The total reserve for unfunded commitments was $6.8 million at the end of the quarter, unchanged from the second quarter of 2017 and up $250,000 from the third quarter of 2016.
I'll now turn the call back to Peter.
Peter S. Ho - Chairman, CEO, President and Director of Bank of Hawali
Great. Thanks, Mary. The Hawaii economy continues to perform well due to healthy labor market conditions, an active construction pipeline, the continuation of the strong performance of our tourism industry and increasing home prices.
The median price of a single-family home on Oahu, our primary market, increased 3.4% during the first 9 months of 2017, and median price for condominium increased 5.4% compared with the same period last year. The volume of single-family home sales on Oahu increased 5% and condominium sales increased 5.8%.
Months of inventory at September declined to a low of 2.4 months for single-family homes and 2.6 months for condominiums. The median number of days on market for the first 9 months of 2017 was 16 days for single-family homes or condominiums. During the month of September, the median number of days on market -- I'm sorry, for condominiums is up to 19 days and the numbers of days on market for single-family home declined to 14 days.
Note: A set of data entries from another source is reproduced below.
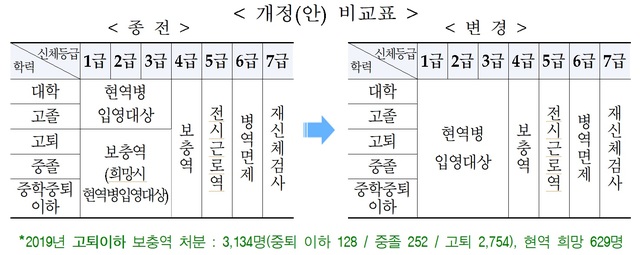 [서울=뉴시스] 병무청, 내년부터 ‘학력사유’ 병역처분 폐지. 2020.12.16. (표=병무청 제공)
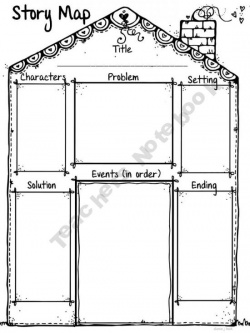 TRACE ECRITE ELEVE : SCHEMA NARRATIF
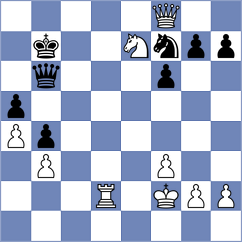 Daulet - Shirov (chess.com INT, 2025)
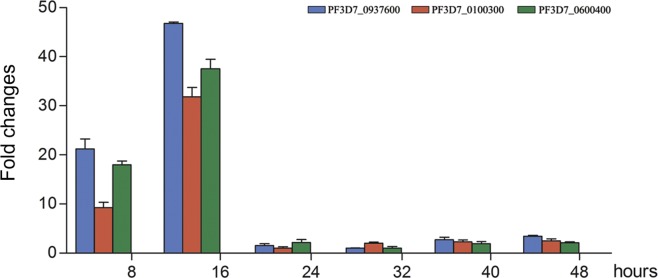 Figure 2.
Tourism in Hawaii also remained strong with visitor spending increasing 8.5% during the first 8 months of 2017 compared with the same period in 2016. The growth in spending is a result of a 4.7% increase in visitor arrivals and an increase of 3.9% in average daily spending. The stronger -- strongest growth in visitor arrivals in spending so far this year has been from the U.S. East region and Japan.
Thanks, again, for joining us today and now we'd be happy to respond to your questions.
Operator
(Operator Instructions) Our first question comes from the line of Brett Rabatin with Piper Jaffray.
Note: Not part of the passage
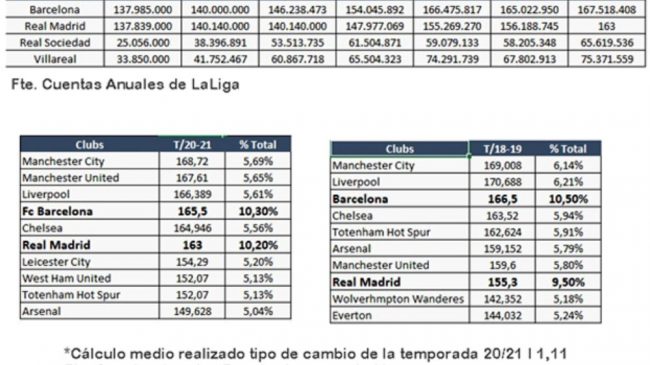 Laliga publica el reparto de los derechos audiovisuales, de los que el 20% irá al Barça y al Real Madrid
Brett D. Rabatin - Senior Research Analyst
Wanted to, first, just go over the expense guidance, making sure we're on the same numbers. You're talking about 0.5% of growth this year on a, I think, kind of a core basis. Would that imply $91 million, if I'm looking at the numbers right, in 4Q? And would that include anything like charitable contribution? Or any thoughts on the growth from 3Q.
Dean Y. Shigemura - CFO and Senior EVP
No, I think your math is about right for the fourth quarter, but we do think that there are some opportunities to come in maybe under that. But also keep in mind that we do have some seasonal year-end expenses that come through in the fourth quarter.
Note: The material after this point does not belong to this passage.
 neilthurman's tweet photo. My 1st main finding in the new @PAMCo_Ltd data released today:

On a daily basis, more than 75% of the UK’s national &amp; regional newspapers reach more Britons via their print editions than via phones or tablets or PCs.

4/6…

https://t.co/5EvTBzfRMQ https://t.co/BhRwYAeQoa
Brett D. Rabatin - Senior Research Analyst
Okay. And then just wanted to talk about kind of the balance sheet and you had little more growth in CDs than I guess I would've expected and a little extra liquidity during the quarter. Just any thoughts on the forward margins as it relates to reducing liquidity. Can that move higher from here? And then just the growth in the CDs, kind of any color around that.
Peter S. Ho - Chairman, CEO, President and Director of Bank of Hawali
Yes, sure. I'll handle the volume side, and then Dean, maybe you can touch on what that means to margins. CDs is an area where we see some opportunity for a couple of reasons. We're pretty underrepresented relative to our competitor set here in the islands. So time deposits are about 13% of our overall deposit base, which is, call it, almost half of our competitors. So we think we have some market share opportunity there. We're getting reasonable pricing in that segment, particularly in the consumer side. And we're also using it somewhat as a defensive tool. So we think it's important to be able to provide our customers with some yield as we're in a now rising rate environment and rather than giving that up on interest-bearing demand side or on the savings side, we try to segment that into the time side. But that's our strategy regarding time at this point. You have any comments on margin, Dean?
Dean Y. Shigemura - CFO and Senior EVP
Yes. So the margin we expect some, perhaps, modest growth and that's going to be based on balance sheet growth, loans and deposits. We did deploy some of the cash towards the end of the quarter as rates began to rise. So I would expect something similar in the fourth quarter if we continue to grow the deposit base in excess of the loan base. So the portfolio is just really a -- kind of an outlet for excess liquidity, and if we see opportunities, we'll continue to grow that.
Brett D. Rabatin - Senior Research Analyst
I'm sorry. So you say grow that, but does the margin benefit from reduced liquidity, i.e., you're getting higher yields, obviously you bought some at 45 basis points higher in the quarter. The margin, can it trend a little higher in your view?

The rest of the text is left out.